Analysis of the polysaccharide formula on genes in T and B cells in immunosuppressed mice by DGE. (A,B) Lymphocytes from the spleen isolated by microbeads were stained with CD3-PE, and B220-PE (B cells) to test the purity. The figure shows that the isolated cells are pure. (C,a) Quantitative statistics of differentially expressed genes in B cells, the red shows up-regulated genes, and the green shows down-regulated genes. PL is the low dose group of polysaccharides with 200 mg/kg/bw and PH is the high dose of polysaccharide with 400 mg/kg/bw. (b) Hierarchical clustering of differential gene expression in B cells. The clustered map accorded by the log2 of significant difference multiples between the groups. Each row represents a gene and each column represents the comparison between the two groups, the red shows up-regulated genes, and the green shows down-regulated genes, the deeper the color the higher the gene expression. The gene ID is shown on the right, and the enrichment and the function of the displayed genes are shown, with references of the polysaccharide effect on these genes. (c) Statistics on the log2 value of the gene difference multiple in B map. The negative value is down-regulated and the positive value is up-regulated expression, and the 0 indicates no change. The figure shows that the formula of polysaccharide could restore the expression of the following genes in B cells: 24108/Ubiquitin, 12259/C1qa, 170741/Pilrb-1, 16316/Igll1, 110454/Ly6a, 60440/Ligp1, 58860/Adamdec1, 246256/Fcgr2, 54725/Cadm1, 12772/Ccr2 and 14131/Fcgr3. (D,a) Quantitative statistics of differentially expressed genes in T cells. (b) Hierarchical clustering of differential gene expression in T cells.
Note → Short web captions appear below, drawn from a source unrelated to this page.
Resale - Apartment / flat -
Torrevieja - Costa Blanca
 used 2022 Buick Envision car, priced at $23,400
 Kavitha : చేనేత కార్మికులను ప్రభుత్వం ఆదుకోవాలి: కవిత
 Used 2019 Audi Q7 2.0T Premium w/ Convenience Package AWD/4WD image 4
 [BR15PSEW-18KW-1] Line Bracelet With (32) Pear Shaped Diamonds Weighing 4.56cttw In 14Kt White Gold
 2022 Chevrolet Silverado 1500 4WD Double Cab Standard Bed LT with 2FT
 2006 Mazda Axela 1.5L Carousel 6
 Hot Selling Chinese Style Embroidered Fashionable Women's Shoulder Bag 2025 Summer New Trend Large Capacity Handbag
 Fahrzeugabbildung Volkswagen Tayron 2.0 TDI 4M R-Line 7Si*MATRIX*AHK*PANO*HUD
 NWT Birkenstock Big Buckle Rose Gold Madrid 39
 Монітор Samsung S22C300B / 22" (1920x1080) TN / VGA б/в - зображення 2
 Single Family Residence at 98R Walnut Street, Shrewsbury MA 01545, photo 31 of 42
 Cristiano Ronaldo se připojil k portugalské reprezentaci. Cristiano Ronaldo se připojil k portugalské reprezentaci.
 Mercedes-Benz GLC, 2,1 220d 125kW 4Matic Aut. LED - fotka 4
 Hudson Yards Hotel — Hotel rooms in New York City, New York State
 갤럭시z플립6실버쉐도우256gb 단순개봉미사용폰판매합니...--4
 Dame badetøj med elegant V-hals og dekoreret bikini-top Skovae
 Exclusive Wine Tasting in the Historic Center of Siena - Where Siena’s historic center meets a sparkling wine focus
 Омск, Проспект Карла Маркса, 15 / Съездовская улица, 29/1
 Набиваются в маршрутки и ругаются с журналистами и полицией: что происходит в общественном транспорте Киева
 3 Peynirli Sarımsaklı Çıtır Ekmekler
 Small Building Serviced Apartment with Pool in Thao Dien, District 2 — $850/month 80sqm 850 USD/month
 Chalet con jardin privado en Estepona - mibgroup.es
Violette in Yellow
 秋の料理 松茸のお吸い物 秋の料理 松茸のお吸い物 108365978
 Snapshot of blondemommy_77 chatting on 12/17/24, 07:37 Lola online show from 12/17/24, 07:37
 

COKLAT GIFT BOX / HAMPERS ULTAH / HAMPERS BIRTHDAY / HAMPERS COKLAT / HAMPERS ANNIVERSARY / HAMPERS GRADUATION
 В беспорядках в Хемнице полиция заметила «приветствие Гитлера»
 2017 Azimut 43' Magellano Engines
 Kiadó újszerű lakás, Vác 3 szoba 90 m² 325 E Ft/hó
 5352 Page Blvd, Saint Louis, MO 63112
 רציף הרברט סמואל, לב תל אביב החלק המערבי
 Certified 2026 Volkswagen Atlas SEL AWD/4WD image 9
The clustered map accorded by the log2 of significant difference multiples between the groups. (c) The figure shows that the compound polysaccharide could restore the expression of the following genes in T cells: 20202/S100a9, 20201/S100a8, 12655/Chil3, 17394/Mmp8, 66141/Ifitm3, 76905/Lrg1, 20862/Stfa2, 24728/Oas2 and 245195/Retnlg.

Figure 5

qRT-PCR validation of DGE results of polysaccharides on the genes in T and B cells in immunosuppressed mice. (A) The expression of B cell genes. The figure shows that the polysaccharide formula could up-regulate Fcgr3, Cadm1, Ccr2, Ligp1, C1qa, IgllI, Ly6a, Ubd and Fcgr2 in B cells, consistent with the results of DGE. (B) The expression of T cell genes. The figure shows that t the polysaccharide formula could up-regulate S100a9, S100a8, Chil3, Slfn4, and Ifim3 in T cells, consistent with the results of DGE. (*p < 0.05, **p < 0.01).

Figure 6

Western blot validation of the DGE results of compound polysaccharides on T and B cell proteins in immunosuppressed mice. (A) The expression of B cell proteins. The figure shows that the compound polysaccharide could up-regulate CCR2, IGLL1, FCGR3, CADM1 and FCGR2, consistent with the results of DGE and qRT-PCR. (B) The expression of T cell proteins. The figure shows that the polysaccharide formula could up-regulate S100A9, MRP8, CHIL3, MMP8 and IFITM3 in T cells. (*p < 0.05, **p < 0.01).